A cache of files released last weekend allegedly show HSBC continued to move dirty cash for clients it already suspected of nefarious activity.
The bank raised the alarm over irregular transactions in 2,100 suspicious activity reports (SARs) filed with the US Treasury Department’s Financial Crimes Enforcement Network between 2000 and 2017.
Banks are supposed to stop moving cash or shut down accounts if they have evidence of criminal activity. But the reports claimed HSBC did not take action.
HSBC’s share price plunged to its lowest level since 1995 following the allegations – falling 5.3 per cent on Monday to £2.88.
Standard Chartered shares fell 5.8 per cent on the same day to £3.38.
Labaton Sucharow lawyer David Schwartz said he is investigating the events that led to the document leak, dubbed the FinCen files.
Brian Schall of Schall Law has urged investors to contact his firm if they suffered losses of $100,000 or more as the banks’ share prices fell. A legal source said: ‘There are listing obligations that require the disclosure of material events.
‘It’s about whether the representations made by the banks at the time someone bought their shares were true or not.

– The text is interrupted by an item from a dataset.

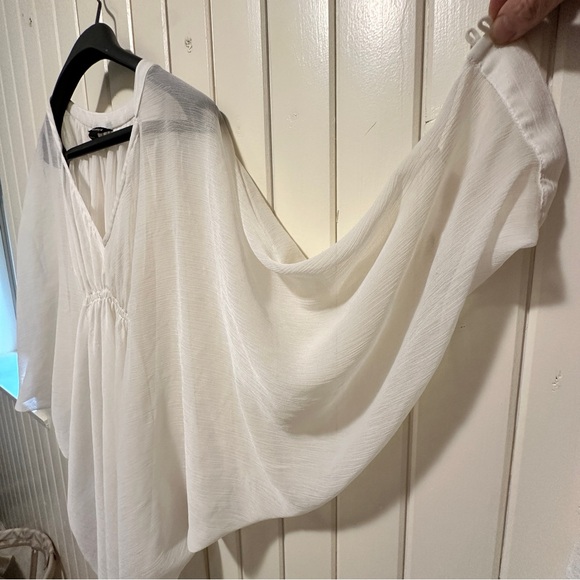 Coverup, sheer and feminine. Off- white, long sleeves - Picture 2 of 5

‘It doesn’t surprise me at all that firms are considering taking legal action when shareholder value has been reduced by so much in such a short timeframe. That follows a pattern of cases that were brought after the financial crash.’

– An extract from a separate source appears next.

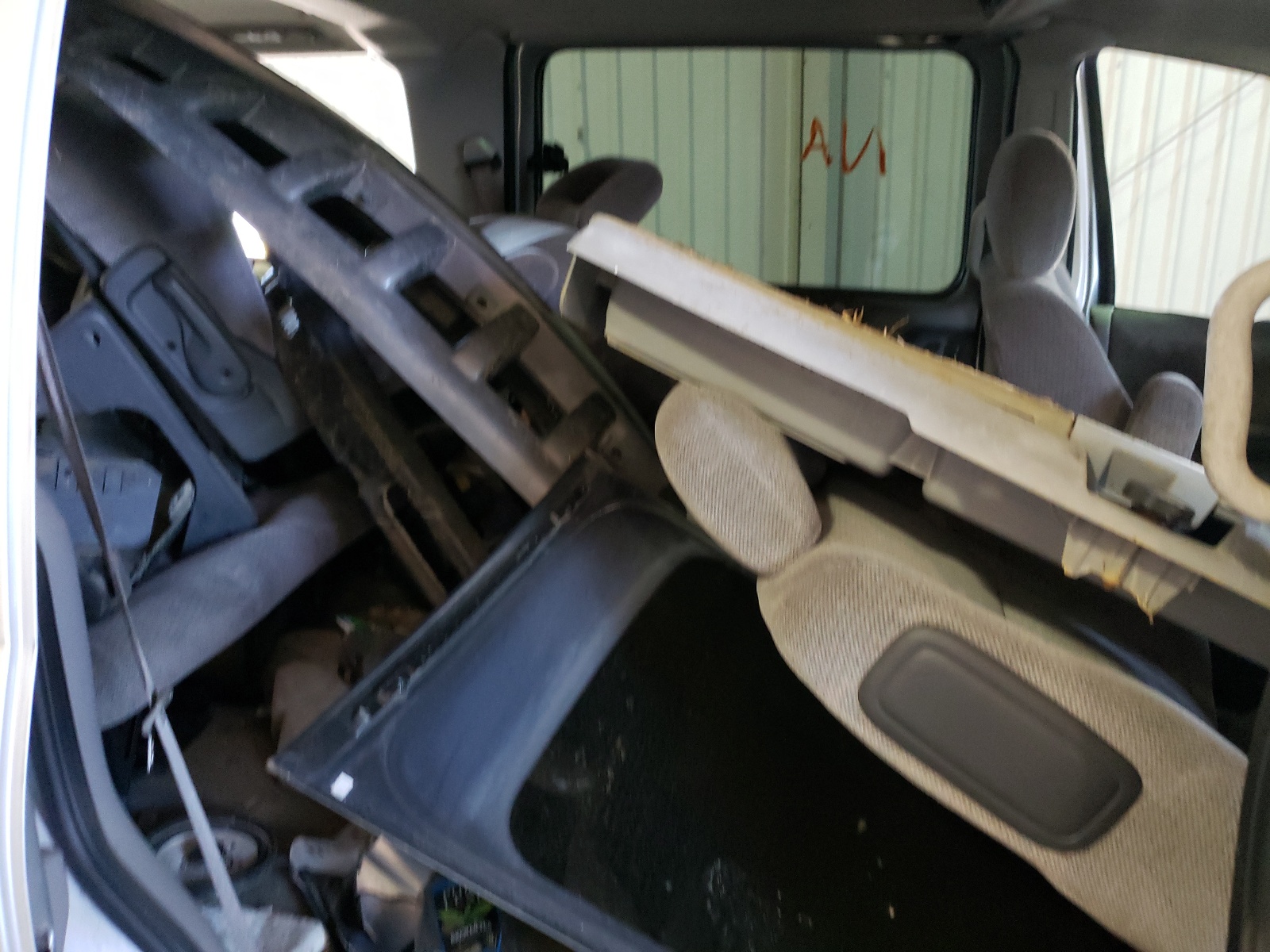 Photo 6 from auction – 2003 PONTIAC MONTANA with VIN 1GMDX03E53D302719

A spokesman for HSBC said: ‘Starting in 2012, HSBC embarked on a multi-year journey to overhaul its ability to combat financial crime across more than 60 jurisdictions. During that period, the monitor fulfilled his role of identifying issues and making recommendations for improvement and concluded HSBC became a safer bank each year as a result of the bank’s efforts.’
Standard Chartered declined to comment on the potential claims.

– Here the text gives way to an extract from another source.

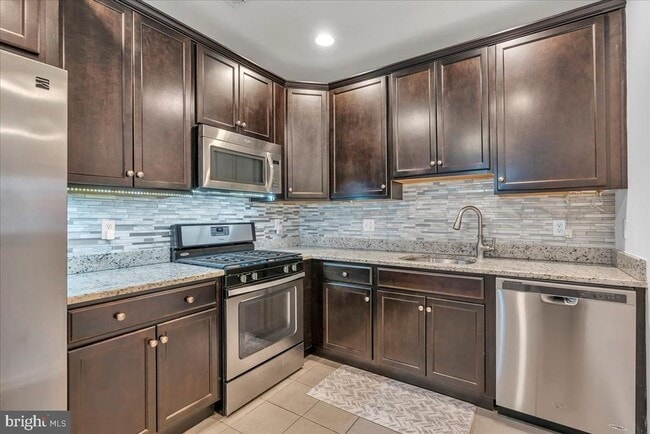Photo - 4023 Derby Ct Unit 4023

A Standard Chartered whistleblower, former executive Julian Knight who first revealed his identity in The Mail on Sunday last year, said he believes the leaked dossiers will aid his landmark legal case.
Knight claims he was forced out of Standard Chartered Bank (SCB) after raising the alarm about client companies suspected of helping Iran to sidestep US sanctions.
The Mail on Sunday revealed last year that Knight had provided US investigators with a list of SCB clients, which he suspected were fronts for the Iranian military and its nuclear programme. Knight, a former RAF pilot, now points out that many of the firms on his original list have cropped up on the FinCen leak despite Standard Chartered rubbishing his claims. He said: ‘The FinCen leak vindicates our case because it has disclosed many of the same sanctioned and sanctionable companies that I disclosed to US investigators.’
Last year SCB was fined £900million for breaching US sanctions after it was found the bank had been dealing with Iranian, Cuban and Sudanese entities.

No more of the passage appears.